Requirement: Please repeat the records exactly from their first line, finishing at the line containing "Argentina Industrial Production Index" and including it.

Caption-style text data:
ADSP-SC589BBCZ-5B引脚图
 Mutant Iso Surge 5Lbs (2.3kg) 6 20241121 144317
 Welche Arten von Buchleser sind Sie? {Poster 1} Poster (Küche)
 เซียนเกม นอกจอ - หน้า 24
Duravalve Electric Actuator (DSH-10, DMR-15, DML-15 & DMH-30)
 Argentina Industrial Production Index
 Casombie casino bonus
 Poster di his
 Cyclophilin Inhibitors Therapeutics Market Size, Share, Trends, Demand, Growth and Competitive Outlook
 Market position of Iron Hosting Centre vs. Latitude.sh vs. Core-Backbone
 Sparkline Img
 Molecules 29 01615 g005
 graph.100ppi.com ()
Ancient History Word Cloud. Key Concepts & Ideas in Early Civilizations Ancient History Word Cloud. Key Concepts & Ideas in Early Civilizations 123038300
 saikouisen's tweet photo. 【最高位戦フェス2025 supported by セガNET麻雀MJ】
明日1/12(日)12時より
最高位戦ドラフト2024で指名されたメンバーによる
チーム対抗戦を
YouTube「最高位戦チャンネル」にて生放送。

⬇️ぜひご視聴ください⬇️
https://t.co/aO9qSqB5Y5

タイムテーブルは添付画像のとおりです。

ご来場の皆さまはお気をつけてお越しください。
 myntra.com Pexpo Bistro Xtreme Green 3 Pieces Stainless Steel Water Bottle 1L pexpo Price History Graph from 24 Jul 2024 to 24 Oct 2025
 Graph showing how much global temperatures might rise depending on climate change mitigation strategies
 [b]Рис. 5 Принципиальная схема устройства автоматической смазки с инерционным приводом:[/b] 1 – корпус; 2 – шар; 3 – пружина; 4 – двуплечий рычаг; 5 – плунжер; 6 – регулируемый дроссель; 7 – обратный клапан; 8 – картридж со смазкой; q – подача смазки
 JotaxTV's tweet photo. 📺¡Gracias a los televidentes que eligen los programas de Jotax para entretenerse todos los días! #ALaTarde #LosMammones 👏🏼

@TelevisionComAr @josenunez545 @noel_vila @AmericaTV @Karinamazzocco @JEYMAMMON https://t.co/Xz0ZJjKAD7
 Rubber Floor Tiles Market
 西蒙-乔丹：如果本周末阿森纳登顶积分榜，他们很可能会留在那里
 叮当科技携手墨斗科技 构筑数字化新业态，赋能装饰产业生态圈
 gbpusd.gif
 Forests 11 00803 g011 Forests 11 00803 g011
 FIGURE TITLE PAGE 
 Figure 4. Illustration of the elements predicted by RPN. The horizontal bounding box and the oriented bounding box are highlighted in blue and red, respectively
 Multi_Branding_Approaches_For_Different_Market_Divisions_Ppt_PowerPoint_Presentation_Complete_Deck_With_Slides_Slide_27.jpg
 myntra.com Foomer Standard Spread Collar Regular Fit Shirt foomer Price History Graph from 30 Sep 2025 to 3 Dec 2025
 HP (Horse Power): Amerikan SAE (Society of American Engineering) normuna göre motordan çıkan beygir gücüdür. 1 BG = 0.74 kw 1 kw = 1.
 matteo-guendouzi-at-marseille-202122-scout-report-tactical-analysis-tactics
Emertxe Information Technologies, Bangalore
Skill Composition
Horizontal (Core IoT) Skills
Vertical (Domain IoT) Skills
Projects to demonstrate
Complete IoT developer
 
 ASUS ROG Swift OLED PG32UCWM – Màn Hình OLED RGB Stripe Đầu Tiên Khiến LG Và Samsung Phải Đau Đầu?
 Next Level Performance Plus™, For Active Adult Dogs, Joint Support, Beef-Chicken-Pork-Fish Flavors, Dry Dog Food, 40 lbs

Answer to the problem:
ADSP-SC589BBCZ-5B引脚图
 Mutant Iso Surge 5Lbs (2.3kg) 6 20241121 144317
 Welche Arten von Buchleser sind Sie? {Poster 1} Poster (Küche)
 เซียนเกม นอกจอ - หน้า 24
Duravalve Electric Actuator (DSH-10, DMR-15, DML-15 & DMH-30)
 Argentina Industrial Production Index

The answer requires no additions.